Faster Transforms (Precompiled)

Hi all,

I spent some time tracking down the biggest bottleneck in the training phase, which turned out to be the transforms on the input images. 500-3000 tiles need to be interactively transformed using the below Composition, which takes 5-20 seconds. I tried a variety of python tricks to speed things up (pre-allocating lists, generators, chunking), to no avail. I already use multiple workers.

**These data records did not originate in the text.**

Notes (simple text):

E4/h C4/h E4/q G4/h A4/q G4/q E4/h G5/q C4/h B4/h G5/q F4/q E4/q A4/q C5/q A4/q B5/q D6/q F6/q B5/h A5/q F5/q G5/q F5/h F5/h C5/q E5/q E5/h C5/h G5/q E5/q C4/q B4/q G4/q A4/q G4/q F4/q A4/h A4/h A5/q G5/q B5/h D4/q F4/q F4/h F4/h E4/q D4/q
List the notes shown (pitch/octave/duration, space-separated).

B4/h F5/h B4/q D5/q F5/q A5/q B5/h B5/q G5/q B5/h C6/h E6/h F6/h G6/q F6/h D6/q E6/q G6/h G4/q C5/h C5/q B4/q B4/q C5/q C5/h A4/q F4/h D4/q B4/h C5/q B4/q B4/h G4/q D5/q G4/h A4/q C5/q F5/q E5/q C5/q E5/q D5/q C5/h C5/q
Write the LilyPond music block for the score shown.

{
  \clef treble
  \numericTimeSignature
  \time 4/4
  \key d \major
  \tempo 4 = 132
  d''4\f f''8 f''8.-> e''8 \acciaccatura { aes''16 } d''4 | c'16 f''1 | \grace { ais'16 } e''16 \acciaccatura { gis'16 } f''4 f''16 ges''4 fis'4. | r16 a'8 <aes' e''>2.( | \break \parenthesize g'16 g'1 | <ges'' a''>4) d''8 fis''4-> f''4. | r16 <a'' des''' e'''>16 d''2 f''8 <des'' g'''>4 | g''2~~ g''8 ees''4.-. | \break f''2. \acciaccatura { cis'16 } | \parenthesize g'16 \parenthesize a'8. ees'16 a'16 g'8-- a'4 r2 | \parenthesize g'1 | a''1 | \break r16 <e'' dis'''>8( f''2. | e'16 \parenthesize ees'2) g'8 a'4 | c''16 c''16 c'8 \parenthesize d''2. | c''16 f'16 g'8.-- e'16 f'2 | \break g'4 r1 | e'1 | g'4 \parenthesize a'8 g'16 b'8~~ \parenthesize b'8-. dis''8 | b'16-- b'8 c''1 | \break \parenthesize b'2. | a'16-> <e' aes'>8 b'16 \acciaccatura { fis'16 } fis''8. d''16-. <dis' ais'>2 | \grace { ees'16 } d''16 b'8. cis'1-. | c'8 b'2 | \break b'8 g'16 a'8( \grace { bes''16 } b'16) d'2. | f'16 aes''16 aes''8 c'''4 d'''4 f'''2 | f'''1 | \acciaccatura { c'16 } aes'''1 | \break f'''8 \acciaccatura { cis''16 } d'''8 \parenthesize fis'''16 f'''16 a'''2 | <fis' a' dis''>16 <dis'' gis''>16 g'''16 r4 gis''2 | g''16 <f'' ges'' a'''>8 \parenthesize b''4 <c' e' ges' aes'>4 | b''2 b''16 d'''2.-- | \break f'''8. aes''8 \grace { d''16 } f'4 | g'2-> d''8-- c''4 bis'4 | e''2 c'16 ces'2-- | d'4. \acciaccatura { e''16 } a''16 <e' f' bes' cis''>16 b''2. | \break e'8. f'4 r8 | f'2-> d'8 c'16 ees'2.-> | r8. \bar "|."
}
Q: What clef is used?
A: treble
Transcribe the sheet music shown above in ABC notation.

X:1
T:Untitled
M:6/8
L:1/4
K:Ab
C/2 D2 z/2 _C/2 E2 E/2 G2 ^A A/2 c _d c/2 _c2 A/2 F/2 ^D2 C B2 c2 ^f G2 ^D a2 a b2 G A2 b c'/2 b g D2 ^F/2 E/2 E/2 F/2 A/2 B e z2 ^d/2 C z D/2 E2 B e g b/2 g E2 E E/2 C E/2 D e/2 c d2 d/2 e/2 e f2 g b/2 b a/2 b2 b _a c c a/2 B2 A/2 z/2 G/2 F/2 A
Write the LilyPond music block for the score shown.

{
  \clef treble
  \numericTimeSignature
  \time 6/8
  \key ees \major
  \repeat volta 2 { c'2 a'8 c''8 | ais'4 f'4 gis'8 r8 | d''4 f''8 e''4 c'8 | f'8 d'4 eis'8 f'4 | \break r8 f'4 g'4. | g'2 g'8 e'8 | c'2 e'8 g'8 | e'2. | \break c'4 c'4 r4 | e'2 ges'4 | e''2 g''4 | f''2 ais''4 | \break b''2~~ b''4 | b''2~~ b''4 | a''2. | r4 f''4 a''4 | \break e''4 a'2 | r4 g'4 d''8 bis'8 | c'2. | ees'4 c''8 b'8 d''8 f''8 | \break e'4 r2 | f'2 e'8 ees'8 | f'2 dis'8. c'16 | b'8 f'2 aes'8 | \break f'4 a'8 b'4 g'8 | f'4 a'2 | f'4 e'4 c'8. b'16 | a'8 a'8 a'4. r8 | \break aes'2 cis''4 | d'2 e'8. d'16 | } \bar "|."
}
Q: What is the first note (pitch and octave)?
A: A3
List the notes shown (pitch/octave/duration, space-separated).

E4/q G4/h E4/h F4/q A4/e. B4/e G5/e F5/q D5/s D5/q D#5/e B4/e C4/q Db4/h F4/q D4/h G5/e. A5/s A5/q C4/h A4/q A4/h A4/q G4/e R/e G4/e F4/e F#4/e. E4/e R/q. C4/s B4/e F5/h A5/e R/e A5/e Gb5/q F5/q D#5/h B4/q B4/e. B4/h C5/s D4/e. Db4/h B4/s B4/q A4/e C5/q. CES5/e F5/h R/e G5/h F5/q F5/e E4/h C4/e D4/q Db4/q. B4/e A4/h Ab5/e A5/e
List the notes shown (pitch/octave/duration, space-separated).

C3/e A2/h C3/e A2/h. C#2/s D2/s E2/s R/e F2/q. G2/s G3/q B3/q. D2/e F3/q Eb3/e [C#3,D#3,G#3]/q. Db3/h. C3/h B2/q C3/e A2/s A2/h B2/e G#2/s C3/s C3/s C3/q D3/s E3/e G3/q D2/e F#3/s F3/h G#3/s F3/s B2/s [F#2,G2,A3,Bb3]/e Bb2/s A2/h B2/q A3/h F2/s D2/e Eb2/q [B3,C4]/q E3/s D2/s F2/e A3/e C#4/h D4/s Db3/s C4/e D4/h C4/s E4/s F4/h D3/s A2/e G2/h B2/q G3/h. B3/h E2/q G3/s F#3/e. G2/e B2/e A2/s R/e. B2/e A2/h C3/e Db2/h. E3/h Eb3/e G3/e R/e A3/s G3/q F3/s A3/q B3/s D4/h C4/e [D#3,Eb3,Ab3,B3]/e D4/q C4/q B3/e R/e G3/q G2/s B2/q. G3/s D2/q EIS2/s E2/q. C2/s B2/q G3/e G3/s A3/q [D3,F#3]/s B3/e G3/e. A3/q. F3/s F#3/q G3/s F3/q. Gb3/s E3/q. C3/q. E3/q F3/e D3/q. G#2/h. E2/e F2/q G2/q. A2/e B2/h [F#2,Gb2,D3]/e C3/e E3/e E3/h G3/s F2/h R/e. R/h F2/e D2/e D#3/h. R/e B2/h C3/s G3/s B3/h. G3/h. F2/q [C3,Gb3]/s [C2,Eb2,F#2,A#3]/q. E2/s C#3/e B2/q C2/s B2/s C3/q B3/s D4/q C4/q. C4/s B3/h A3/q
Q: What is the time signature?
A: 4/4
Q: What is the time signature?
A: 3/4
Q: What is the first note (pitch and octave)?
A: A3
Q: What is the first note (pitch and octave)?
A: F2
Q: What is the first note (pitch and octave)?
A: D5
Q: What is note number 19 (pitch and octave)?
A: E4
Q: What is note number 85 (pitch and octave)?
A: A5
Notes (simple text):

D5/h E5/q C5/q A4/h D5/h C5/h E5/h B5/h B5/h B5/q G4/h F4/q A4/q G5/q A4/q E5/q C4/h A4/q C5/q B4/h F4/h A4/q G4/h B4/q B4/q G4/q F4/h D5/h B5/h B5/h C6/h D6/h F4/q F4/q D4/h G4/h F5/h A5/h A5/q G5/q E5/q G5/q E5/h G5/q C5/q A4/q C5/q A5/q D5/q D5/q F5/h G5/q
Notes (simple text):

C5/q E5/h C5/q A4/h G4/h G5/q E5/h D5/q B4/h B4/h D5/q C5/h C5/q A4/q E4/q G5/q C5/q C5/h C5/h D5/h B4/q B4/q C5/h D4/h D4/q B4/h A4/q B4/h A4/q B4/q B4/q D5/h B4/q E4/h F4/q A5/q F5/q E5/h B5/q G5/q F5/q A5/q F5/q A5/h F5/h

The issue seems to be each individual transforms takes some time, and it really adds up:

  self.img_finalize = transforms.Compose([
            transforms.ToPILImage(), # 1 s.
            transforms.RandomRotation(25), # 2 s.
            transforms.RandomResizedCrop(1024, scale=(0.5, 1.5), ratio=(.8,1.2), interpolation=2), # 0.5 s.
            transforms.Resize(resolution), # 0.5 s.
            transforms.RandomHorizontalFlip(p=0.5), # 0.5 s.
            transforms.RandomVerticalFlip(p=0.5), # 0.5 s.
            transforms.ColorJitter(brightness=0.2, contrast=0.1, saturation=0.05, hue=0.02), # 3 s.
            transforms.ToTensor(), # 2 s.
            transforms.Normalize((0.5, 0.5, 0.5), (0.5, 0.5, 0.5)), # 3 s.

Two things:

  1. I notice with the dataloader, every thread that was started needs to finish before any data is pushed to the GPU. If I add a print statement DONE at the end of the __getitem__() method and before the forward pass FOWARD, there is significant delay from the first DONE and first FORWARD, in fact there needs to be 16 (=n_workers) DONE's

This doesn’t happen if n_workers=None. I suspect some form of lock is implemented? I am working in the unusual situation where my batchsize is 1, but each batch is huge (it’s a MIL paradigm…). So it would be useful to process a batch asap once it’s __getitem__() method is done. This makes sense to me is batch_size > 1, as you need to be sure all batches are down before collating. But it’d be great if it could be relaxed if batch_size =1.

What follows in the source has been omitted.